*Exercise directions*: Take the records below and extract, word for word, the lines from the one containing "Детский костюм Nike Manchester United Детский" through the final line, inclusive. Omit pictures.

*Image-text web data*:
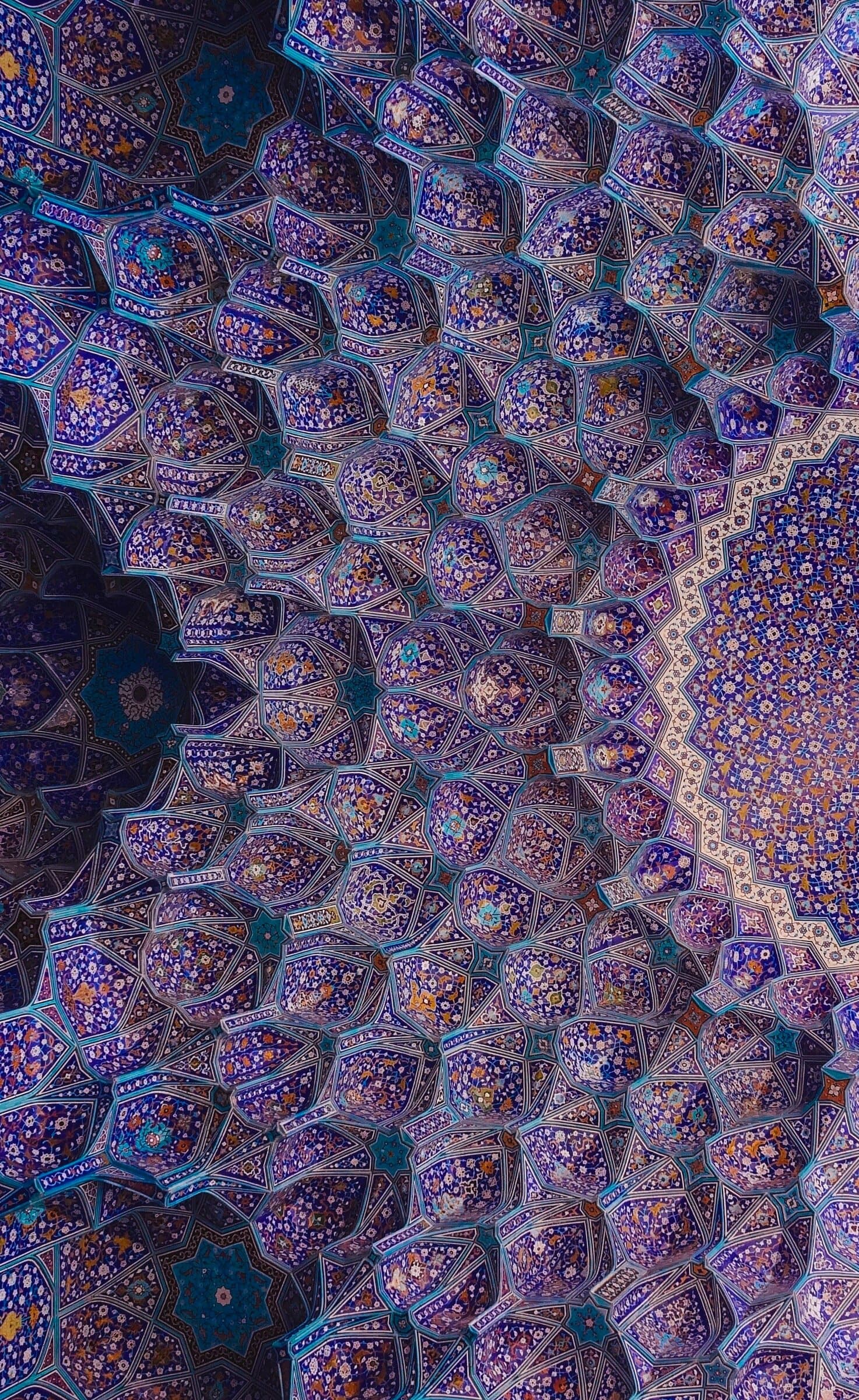 مقرنس‌کاری ظریف آبی و طلایی در معماری ایرانی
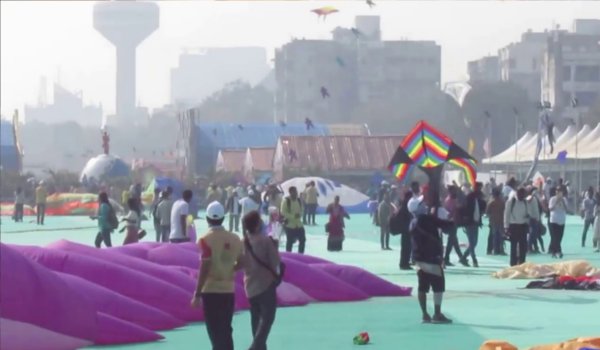 गुजरात : अहमदाबाद में अंंतरराष्ट्रीय पतंग उत्सव का आगाज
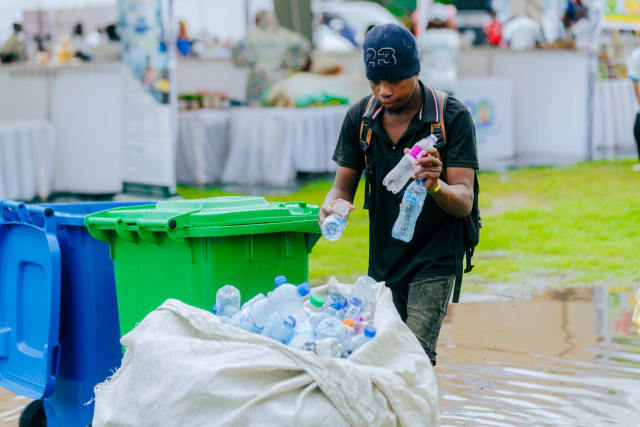 Le gouvernement renonce à la consigne obligatoire des bouteilles en plastique
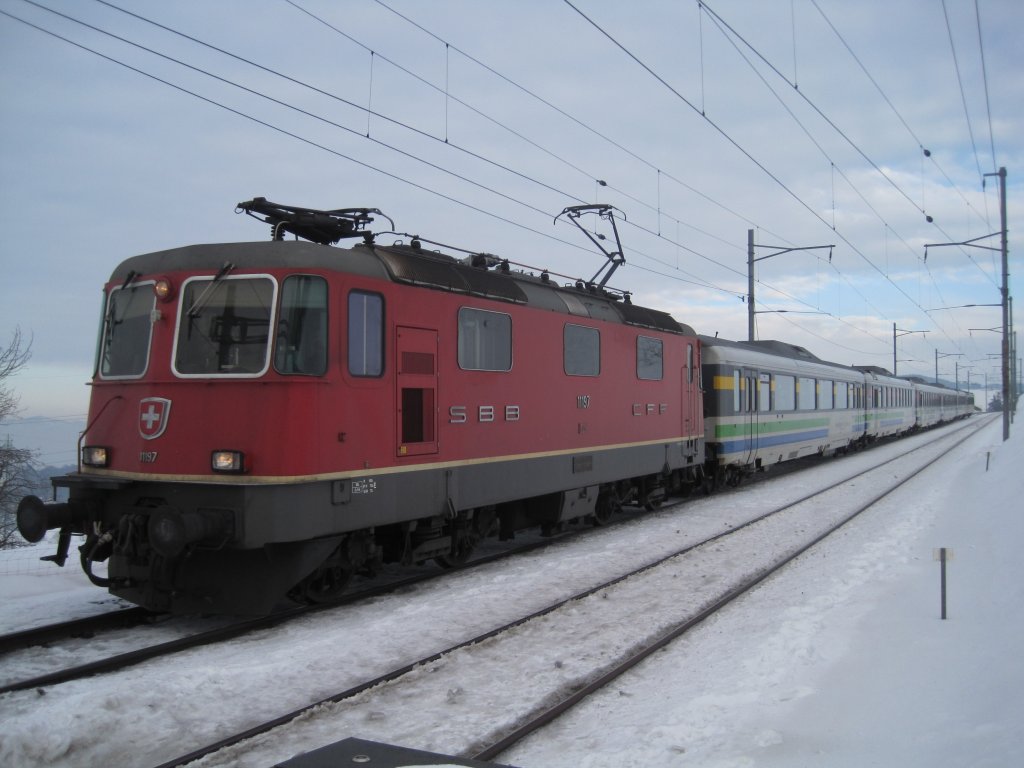 SBB Re 4/4 II 11197 mit Voralpenexpress Luzern-Romanshorn zwischen
Schindellegi-Feusisberg und Samstagern (SOB) am 16.02.2010
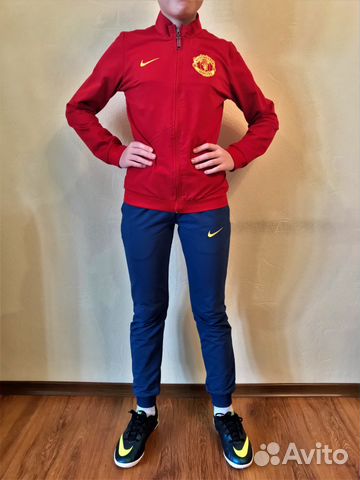 Детский костюм Nike Manchester United Детский костюм Nike Manchester United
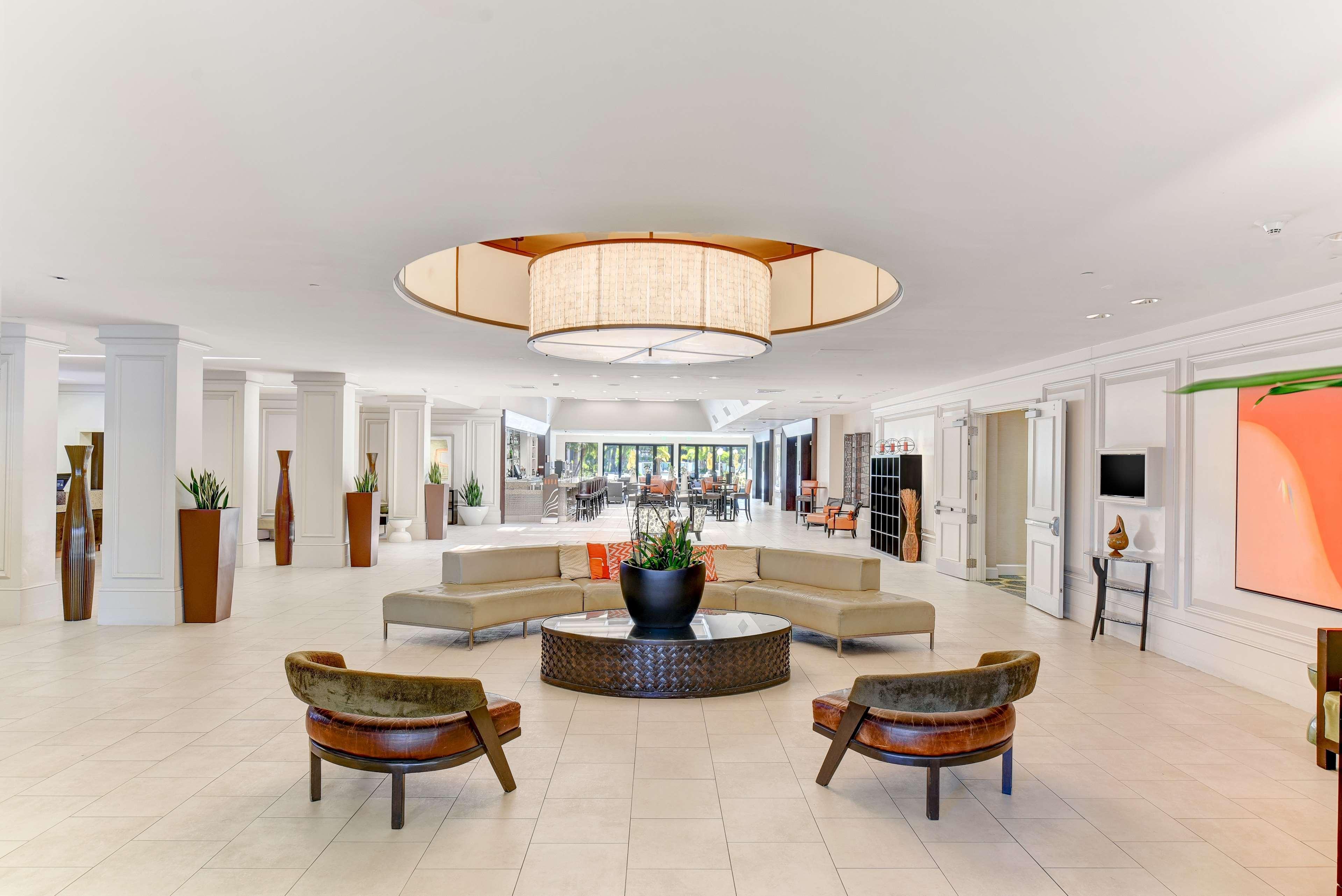 Отель Hilton Irvine/Orange County Airport Экстерьер фото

*Written answer*:
 Детский костюм Nike Manchester United Детский костюм Nike Manchester United
 Отель Hilton Irvine/Orange County Airport Экстерьер фото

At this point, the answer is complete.